Talking to your customers requires a customized strategy that prioritizes location and takes their everyday lives into consideration. Harnessing the power of local starts with knowledge: where your customers live, what they want, and how to deliver it on behalf of your brand.

What Does Local Mean to You?

Super commuters — those who travel to work more than 90 minutes a day — are increasingly common in the US. According to reports, from 2005 to 2016 the number of super commuters increased by 15.9%, amounting to about 4 million workers, or 1 in 36 Americans.

Compare that to the distance rural workers travel. One in five New Yorkers travel more than an hour each way, but most workers living in Alaska, Iowa, Kansas, Montana, Nebraska, North and South Dakota, and Wyoming can get to work in twenty minutes or less.

There’s something else that differentiates urban and rural workers, and that’s the amount of time they spend at home. Those with longer commutes spend more time away and more time in a car and may even travel a greater distance for their shopping needs. This is something you’ll need to be aware of when identifying audiences for your location-based marketing campaign.

Speaking the Local Language

For marketers, the difference between an urban shopper and a suburban shopper might not seem significant, but it can actually have major implications for how you target and communicate with your customers. For one thing, fewer urban shoppers frequent big-box stores, while their suburban neighbors are much more likely to visit one of these retailers for their shopping needs.

Understanding this key difference between consumer segments is vital to ensuring that you send the right message to the right audience based on their shopping preferences and behavior. If your ideal customers are heavy big-box, hypermarket, or dollar-store shoppers, geo-targeting will be key.

Living and Marketing Locally

Familiarizing yourself with local communities is another crucial strategy for marketing to them effectively. Understand the special quirks and habits of locals, and make sure you adjust your marketing strategy to match.

Many states have regional holidays that you can leverage for promotions, so before you finalize your mobile ad creative, check to see if your campaign corresponds with Rhode Island’s Gaspee Days or Arbor Day in Nebraska. 

Demonstrating an understanding of, and appreciation for, the local community can ingratiate your brand with its residents while creating a bond between your business and potential shoppers. You wouldn’t sell Yankee caps at Fenway Park, right? Be relevant and respectful to your audience.

Local Lifestyle

The meaning of local changes based on the type of neighborhood you live in, but let’s not forget that technology can affect it, too. Brands like Uber and Lime have transformed communities. Uber has made locations previously unsupported by public transportation suddenly accessible, while Lime has made mid-size cities easy to zip around via scooter.

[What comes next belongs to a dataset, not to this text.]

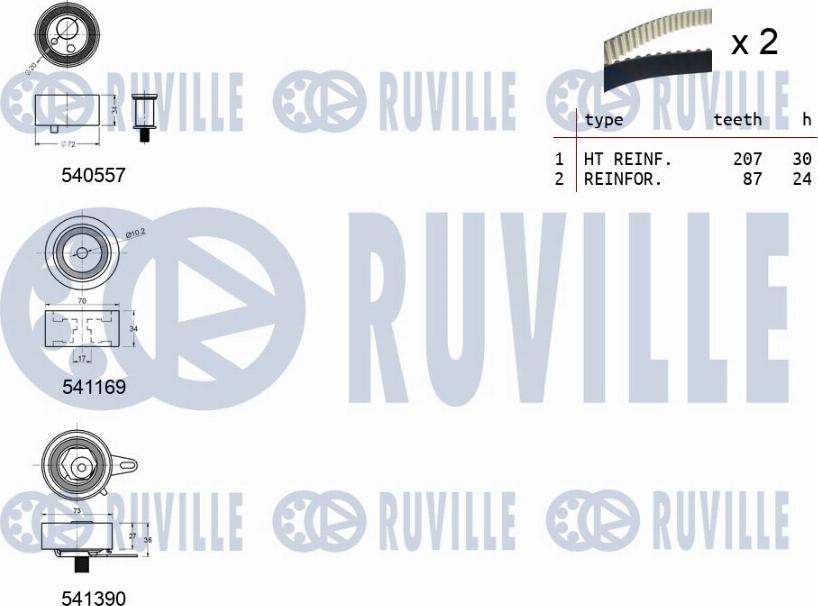 Ruville 550383 - Hammashihnasarja inparts.fi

When reaching out to potential customers, consider how services like these might impact a retail center like yours. Outlets on the city limits are now easy to reach via a car service, thus influencing your audience’s shopping pattern. As these technologies progress, marketers will need to pay close attention to how they shape the local scene with an eye toward developing ads that take evolving consumer behavior into account.

Local marketing is a powerful thing — especially when you’re well acquainted with your target audience. Do your homework before you launch that location-targeted campaign. Wherever they live, your customers will thank you for it.

Dan Silver is VP of Marketing at GroundTruth.